UsuńSerdecznie pozdrawiam i życzę zdrowia Tobie i dziecięciu:))))
Bardzo dziekuje za szybka odpowiedz :)uspokoiłaś mnie:) :*** milego dnia :)
UsuńJa dochodziłam do siebie prawie 2 lata, więc naprawdę u Ciebie jest super :) i z każdym dniem będzie na pewno coraz lepiej :)
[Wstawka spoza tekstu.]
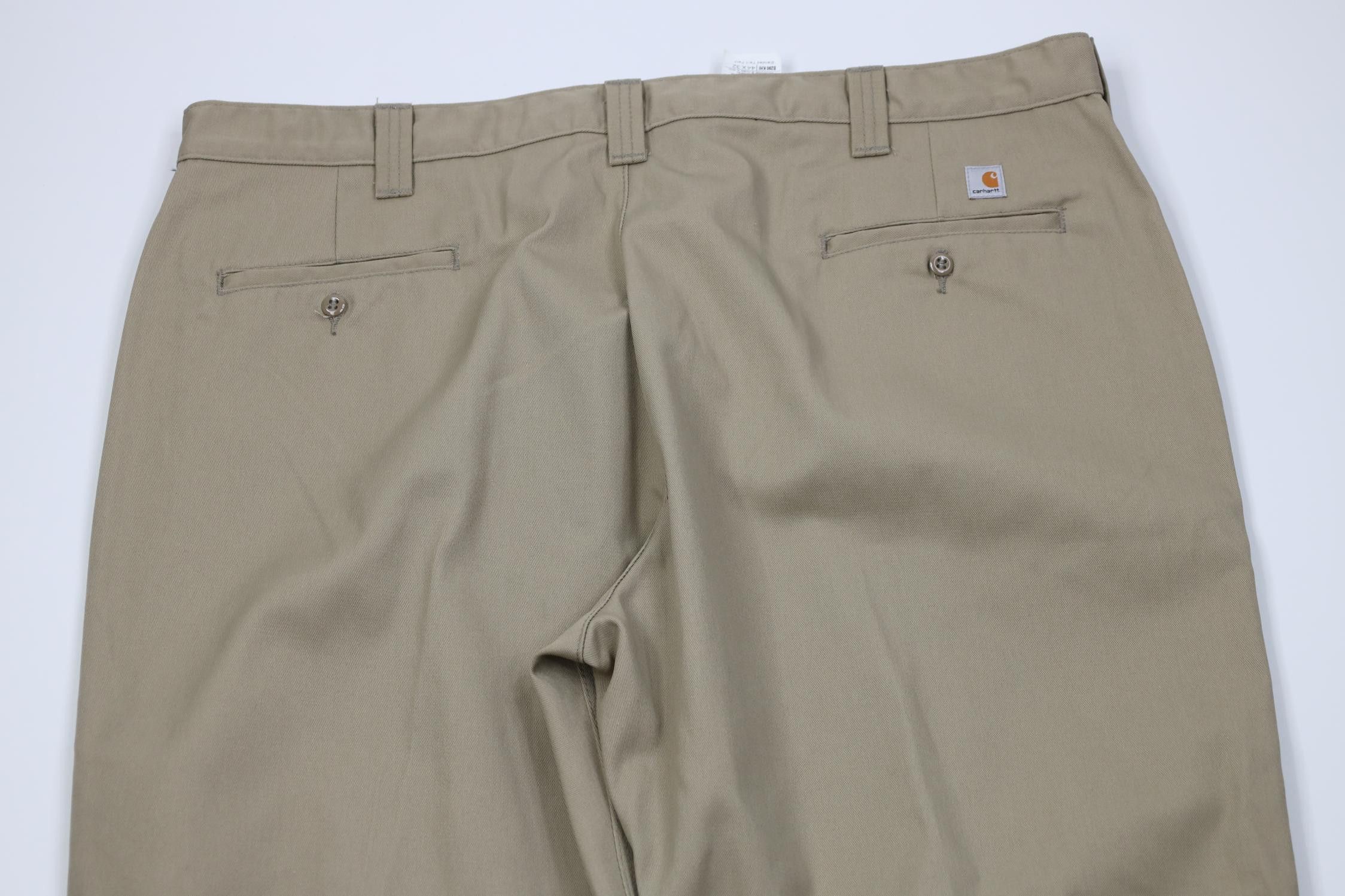 Carhartt Vintage Y2K Carhartt Twill Wide Leg Pants Khaki Brown Size US 44 / EU 60 - 9 Thumbnail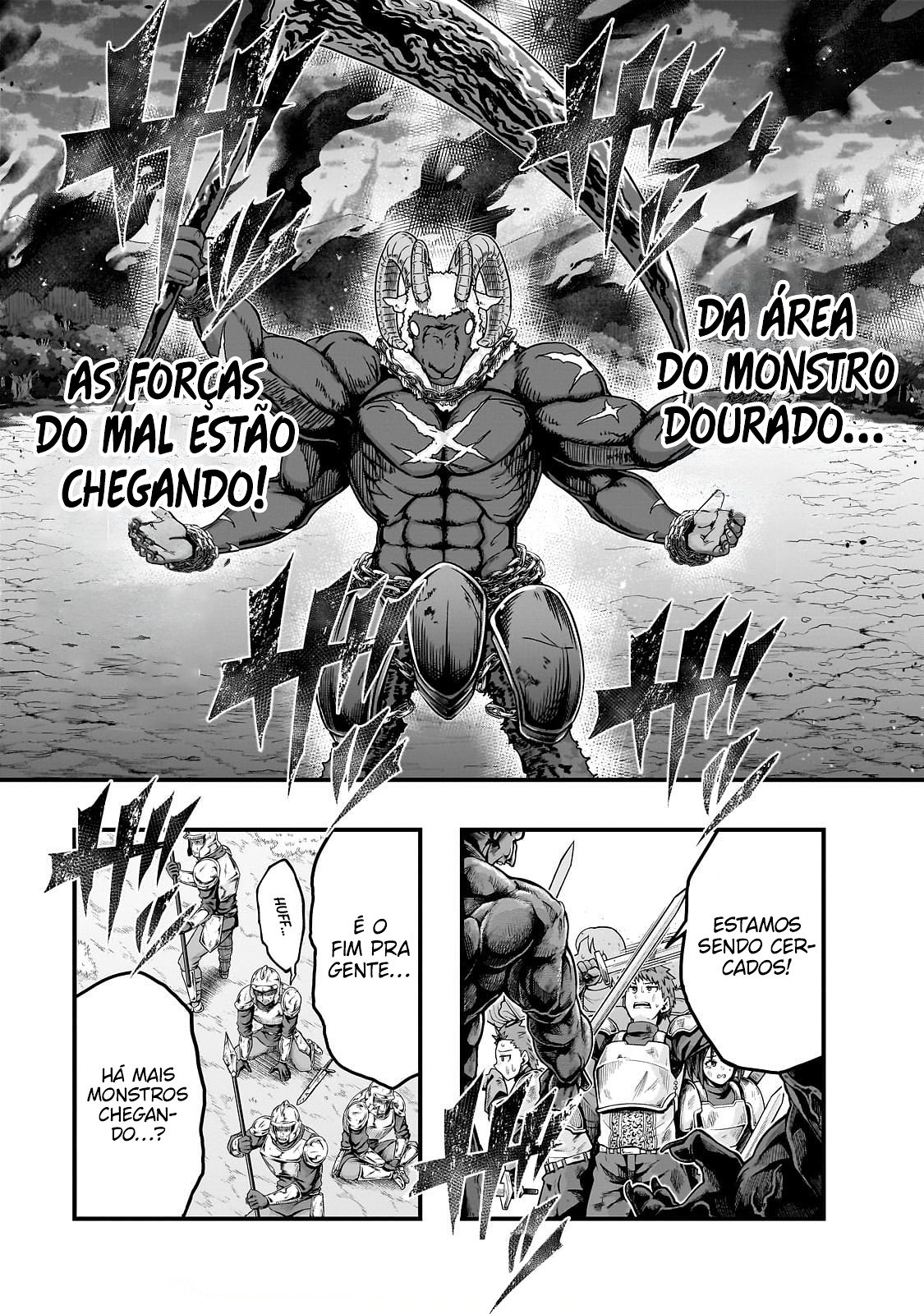 Failure Frame: I Became the Strongest and Annihilated Everything With Low-Level Spells Capítulo 54.1 Página 18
OdpowiedzUsuńSuper forma! ja miałam pewne dolegliwości długo po cesarce, szczególnie ze strony kręgosłupa. Ale już na szczęście jest wszystko ok. Jak bolą plecy, ręce to zobacz tutaj gdzie warto się zapisać do specjalisty. Wykonują dokładne badania, rehabilitują, jeśli jest taka potrzeba także planują inne leczenie. Ból nie jest czymś normalnym, trzeba reagować.